What fun would scripting any of this be? Humpy’s win was unexpected, unprecedented, a real David versus Goliath tale. If the Mariners are going to get to the organization’s first World Series, they’ll have to do a few more improbable things. So might their fans.
“The meeting of all of this has created a cocktail of Mariners fans that are superstitious, want to be here early and want to have an impact on what happens on the field,” Thompson said. “I believe as much as they do what they do has an impact, whether it’s what jacket they wear, what mustache they grow or what fish wins.”
Thompson, in his eighth season with the Mariners, said this run has shifted the fan base into another gear.

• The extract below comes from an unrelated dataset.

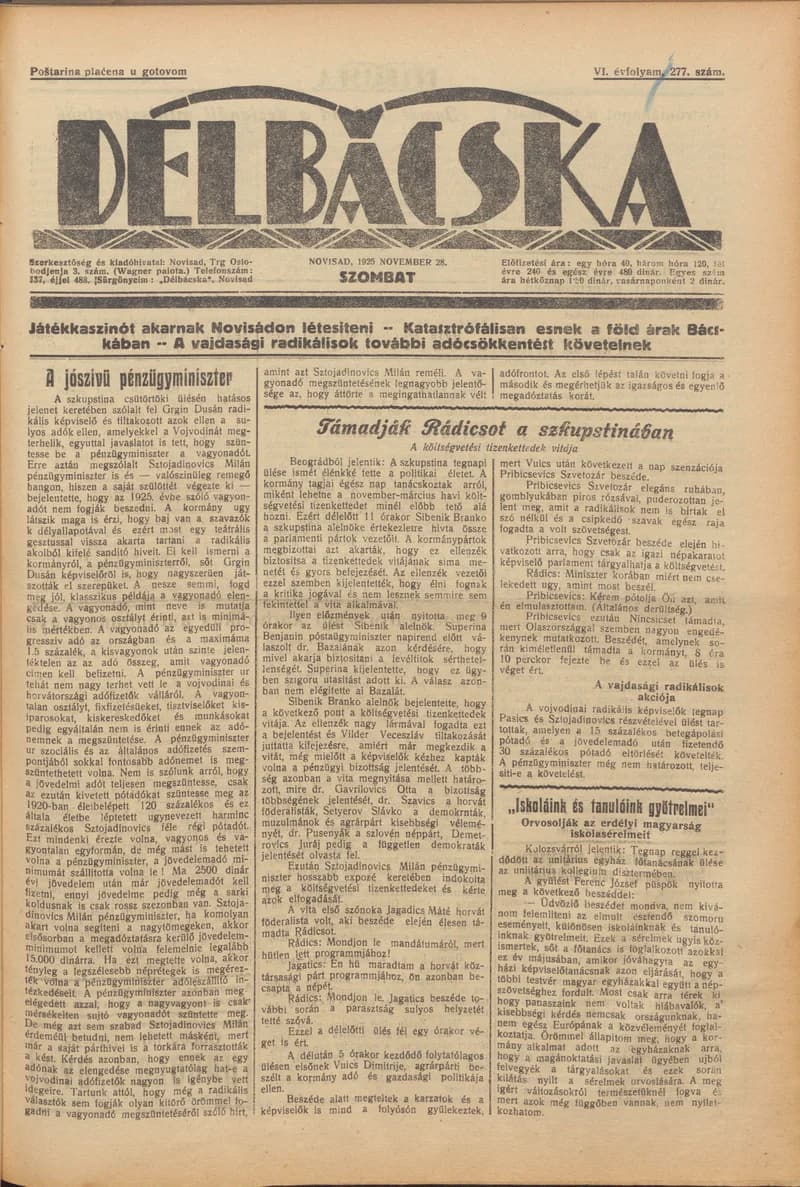 Délbácska, 6. évf. 1925. november 28. 277. sz.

And whether they’re ultimately the last team standing or not, the city won’t soon forget what bringing home a division title, and playoff baseball, back to Seattle has meant for a quirky, rabid bunch.
“I’m somebody that looks at life through baseball,” Mulhollen said. “And there’s always hope with the next hit and the next run. You never know what will happen. Is there disappointment? Yes, but with disappointment comes great joy. Do I think we will make the World Series? Yes, absolutely. Will I be disappointed if we don’t? Yes, absolutely.
“But it’s baseball. You have to learn how to deal with adversity. You don’t give up. You keep hoping until you can’t.”